PROMPT:
If a line contains "Es oficial: inició", it is the last one to write out; begin with the first line of the records and copy each exactly.

════════════════════

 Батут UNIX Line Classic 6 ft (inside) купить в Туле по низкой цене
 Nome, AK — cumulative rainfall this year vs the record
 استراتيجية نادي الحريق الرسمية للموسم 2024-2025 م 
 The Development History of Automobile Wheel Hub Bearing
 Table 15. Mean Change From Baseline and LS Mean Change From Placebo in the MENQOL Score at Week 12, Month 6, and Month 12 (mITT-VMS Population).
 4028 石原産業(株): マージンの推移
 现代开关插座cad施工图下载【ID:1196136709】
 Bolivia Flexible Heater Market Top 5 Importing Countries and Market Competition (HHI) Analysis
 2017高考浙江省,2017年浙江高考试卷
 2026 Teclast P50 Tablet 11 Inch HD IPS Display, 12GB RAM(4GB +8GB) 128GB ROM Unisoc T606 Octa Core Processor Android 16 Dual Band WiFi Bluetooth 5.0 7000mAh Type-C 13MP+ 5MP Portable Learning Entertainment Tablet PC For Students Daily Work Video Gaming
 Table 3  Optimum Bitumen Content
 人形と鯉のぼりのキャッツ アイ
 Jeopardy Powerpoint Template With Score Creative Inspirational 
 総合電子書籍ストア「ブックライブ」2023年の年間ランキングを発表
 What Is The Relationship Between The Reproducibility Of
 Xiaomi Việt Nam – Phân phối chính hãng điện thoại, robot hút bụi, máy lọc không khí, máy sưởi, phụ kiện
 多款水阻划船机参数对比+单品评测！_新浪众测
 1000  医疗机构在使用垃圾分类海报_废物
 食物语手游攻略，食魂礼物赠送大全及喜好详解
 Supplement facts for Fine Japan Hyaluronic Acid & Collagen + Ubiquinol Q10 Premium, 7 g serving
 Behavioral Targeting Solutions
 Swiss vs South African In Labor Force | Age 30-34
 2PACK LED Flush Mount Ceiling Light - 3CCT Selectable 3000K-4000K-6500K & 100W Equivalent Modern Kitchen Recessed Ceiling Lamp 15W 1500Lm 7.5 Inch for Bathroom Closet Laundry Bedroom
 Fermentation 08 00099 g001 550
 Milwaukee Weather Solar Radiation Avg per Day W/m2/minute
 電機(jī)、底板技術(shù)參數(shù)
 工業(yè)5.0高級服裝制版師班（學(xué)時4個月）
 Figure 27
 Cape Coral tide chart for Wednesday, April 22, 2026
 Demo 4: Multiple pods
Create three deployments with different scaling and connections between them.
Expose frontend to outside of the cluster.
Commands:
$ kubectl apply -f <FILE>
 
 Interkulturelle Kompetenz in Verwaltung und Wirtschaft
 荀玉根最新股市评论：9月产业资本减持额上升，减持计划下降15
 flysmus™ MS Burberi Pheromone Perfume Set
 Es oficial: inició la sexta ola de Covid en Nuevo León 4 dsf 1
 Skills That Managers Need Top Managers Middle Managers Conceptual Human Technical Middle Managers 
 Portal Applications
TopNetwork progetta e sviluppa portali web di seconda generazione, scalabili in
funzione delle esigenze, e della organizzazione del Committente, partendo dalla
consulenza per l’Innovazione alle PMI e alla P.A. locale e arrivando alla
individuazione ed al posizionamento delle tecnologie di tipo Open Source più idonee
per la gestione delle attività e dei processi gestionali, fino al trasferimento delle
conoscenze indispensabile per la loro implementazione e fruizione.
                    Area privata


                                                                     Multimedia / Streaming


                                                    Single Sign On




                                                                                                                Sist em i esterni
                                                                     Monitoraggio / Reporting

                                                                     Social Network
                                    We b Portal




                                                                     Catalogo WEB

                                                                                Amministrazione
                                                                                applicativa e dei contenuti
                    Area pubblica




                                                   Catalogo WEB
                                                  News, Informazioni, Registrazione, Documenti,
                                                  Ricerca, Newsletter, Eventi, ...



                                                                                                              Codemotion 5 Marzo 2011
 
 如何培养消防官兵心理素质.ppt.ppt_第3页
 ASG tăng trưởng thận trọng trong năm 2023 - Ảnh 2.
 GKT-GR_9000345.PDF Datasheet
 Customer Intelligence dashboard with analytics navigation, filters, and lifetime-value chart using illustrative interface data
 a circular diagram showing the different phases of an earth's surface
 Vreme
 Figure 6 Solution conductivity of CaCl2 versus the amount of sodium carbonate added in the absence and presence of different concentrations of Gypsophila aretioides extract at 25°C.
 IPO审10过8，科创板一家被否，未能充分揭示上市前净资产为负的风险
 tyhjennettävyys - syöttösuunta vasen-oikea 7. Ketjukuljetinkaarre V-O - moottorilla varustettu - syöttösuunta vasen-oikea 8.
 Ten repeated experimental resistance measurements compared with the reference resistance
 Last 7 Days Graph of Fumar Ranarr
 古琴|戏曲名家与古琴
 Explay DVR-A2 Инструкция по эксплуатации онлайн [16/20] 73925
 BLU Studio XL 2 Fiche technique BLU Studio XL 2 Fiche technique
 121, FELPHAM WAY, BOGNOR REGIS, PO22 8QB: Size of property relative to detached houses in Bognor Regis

════════════════════

TASK ANSWER:
 Батут UNIX Line Classic 6 ft (inside) купить в Туле по низкой цене
 Nome, AK — cumulative rainfall this year vs the record
 استراتيجية نادي الحريق الرسمية للموسم 2024-2025 م 
 The Development History of Automobile Wheel Hub Bearing
 Table 15. Mean Change From Baseline and LS Mean Change From Placebo in the MENQOL Score at Week 12, Month 6, and Month 12 (mITT-VMS Population).
 4028 石原産業(株): マージンの推移
 现代开关插座cad施工图下载【ID:1196136709】
 Bolivia Flexible Heater Market Top 5 Importing Countries and Market Competition (HHI) Analysis
 2017高考浙江省,2017年浙江高考试卷
 2026 Teclast P50 Tablet 11 Inch HD IPS Display, 12GB RAM(4GB +8GB) 128GB ROM Unisoc T606 Octa Core Processor Android 16 Dual Band WiFi Bluetooth 5.0 7000mAh Type-C 13MP+ 5MP Portable Learning Entertainment Tablet PC For Students Daily Work Video Gaming
 Table 3  Optimum Bitumen Content
 人形と鯉のぼりのキャッツ アイ
 Jeopardy Powerpoint Template With Score Creative Inspirational 
 総合電子書籍ストア「ブックライブ」2023年の年間ランキングを発表
 What Is The Relationship Between The Reproducibility Of
 Xiaomi Việt Nam – Phân phối chính hãng điện thoại, robot hút bụi, máy lọc không khí, máy sưởi, phụ kiện
 多款水阻划船机参数对比+单品评测！_新浪众测
 1000  医疗机构在使用垃圾分类海报_废物
 食物语手游攻略，食魂礼物赠送大全及喜好详解
 Supplement facts for Fine Japan Hyaluronic Acid & Collagen + Ubiquinol Q10 Premium, 7 g serving
 Behavioral Targeting Solutions
 Swiss vs South African In Labor Force | Age 30-34
 2PACK LED Flush Mount Ceiling Light - 3CCT Selectable 3000K-4000K-6500K & 100W Equivalent Modern Kitchen Recessed Ceiling Lamp 15W 1500Lm 7.5 Inch for Bathroom Closet Laundry Bedroom
 Fermentation 08 00099 g001 550
 Milwaukee Weather Solar Radiation Avg per Day W/m2/minute
 電機(jī)、底板技術(shù)參數(shù)
 工業(yè)5.0高級服裝制版師班（學(xué)時4個月）
 Figure 27
 Cape Coral tide chart for Wednesday, April 22, 2026
 Demo 4: Multiple pods
Create three deployments with different scaling and connections between them.
Expose frontend to outside of the cluster.
Commands:
$ kubectl apply -f <FILE>
 
 Interkulturelle Kompetenz in Verwaltung und Wirtschaft
 荀玉根最新股市评论：9月产业资本减持额上升，减持计划下降15
 flysmus™ MS Burberi Pheromone Perfume Set
 Es oficial: inició la sexta ola de Covid en Nuevo León 4 dsf 1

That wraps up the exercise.